An Oxymoronic Decision

The few crumbs the U.S. Supreme Court let fall off the table for ERISA disability claimants in Metropolitan v. Glenn, 128 S. Ct. 1117, it more than took away with its recent decision in Conkright v. Frommer, 2010 WL 1558979 (U.S.).

The Court used the words “honest mistake” (which we think is an oxymoron when used to describe insurance company conduct when fighting a claim) to justify ordering courts to give ERISA plan administrators a second “deferential” bite at the apple in a dispute.

Although the Conkright case was a pension plan case, the Supreme Court did not limit its “honest mistake” decision to pension cases, so it applies to all ERISA contests, including disability income claims.

The Supreme Court took the handcuffs off Federal judges only to encase them in a straitjacket. This decision gives insurance companies the ability to make “honest” mistakes while keeping a destitute claimant who can’t work away from benefits for as long as it takes to obtain the claimant’s surrender. It’s a win-win windfall for insurance companies.

Many disability claims take years and years to reach a final decision because of the ERISA requirement favoring the “judgment” of insurance administrators. Now they have an even more potent tool – the “honest” mistake! With the blessings of the Supreme Court, insurance administrators can make “honest” mistakes almost as a matter of course and still get deference in their next “honest” opinions.

The one thing the majority in Conkright omitted to tell us is how many “honest” mistakes the administrator can make before the deference doctrine is not required to be adhered to by the court hearing the matter.

Taking into account the checkered history of insurance company shenanigans:

  • The 49-state probe and settlement of Unum disability insurance tactics;
  • So-called medical exams without doctors seeing the patient;
  • Stables of doctors, bought and paid for by insurers which (witch?) doctors rarely find disability;
  • Ignoring SSDI disability decisions after insisting the claimant apply for it so the insurer can be reimbursed for benefits already paid;

one wonders why the Supreme Court came down on the side of the insurers.

Despite this history, it seems to us that many courts have an attitude that claimants, as a class, have a tendency to fake disabilities while they feel that insurance companies are paragons of virtue. They seem to feel this, despite the continuing parade of cases in which it has been shown that insurers engage in outrageous conduct while dealing with disabled employees at a seemingly hopeless stage in their lives.

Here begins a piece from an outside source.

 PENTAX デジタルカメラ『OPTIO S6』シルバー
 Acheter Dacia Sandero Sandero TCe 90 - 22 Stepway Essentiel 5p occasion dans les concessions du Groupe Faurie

We understand there are disability claimants who are not entirely truthful in describing their condition and who are not entitled to benefits. Insurance companies have many ways to defend against these claims. They do not need the added weapon of “discretion” when they have already abused the concept once, even if it really is an honest mistake.

If the mistake was really honest, it indicates a lack of expertise which should not then be afforded the armor of discretion the second time around. Why should a claimant have to surmount the “arbitrary and capricious” mountain after the administrator has clearly indicated a lack of expertise the first time around.

Many disability income cases take a long time to be resolved as a matter of course. If there is the slightest doubt about the case, you can bet the administrator is going to refuse to pay until the doubt is resolved. The administrative process can take months and months, if not years, for a decision of the administrator.

If court action is required by the claimant, this may take another year or two to resolve. If the “arbitrary and capricious” standard is an issue, an appeal may follow. Again, a year or two or more may go by.

Repeated court remands back to the plan administrator add to the pressure on disabled claimants who are not receiving benefits. Delays, no matter what the cause, always favor the insurance carrier.

And during all of this time, the disability claimant can’t work and can’t pay bills without help from family and friends, if they are available and willing to help. Do you doubt that an insurance company will keep this process going until the claimant takes a lot less than warranted or gives up altogether?

We know of several ERISA disability income cases decided in favor of the claimant in which courts found outrageous conduct by the insurance company and which took 10 years or more to be finally decided. So, it sticks in our craw as disability income insurance attorneys, who see our clients live with this burden day in and day out, to see the Supreme Court give the insurance people, who love to hold on to their money as long as they can, a second bite at the apple after they bit their tongue the first time.

The benefit of “honest” mistakes are for people who are absolutely neutral and have no interest in the outcome. That hardly fits the description or the history of the ERISA disability income insurance industry.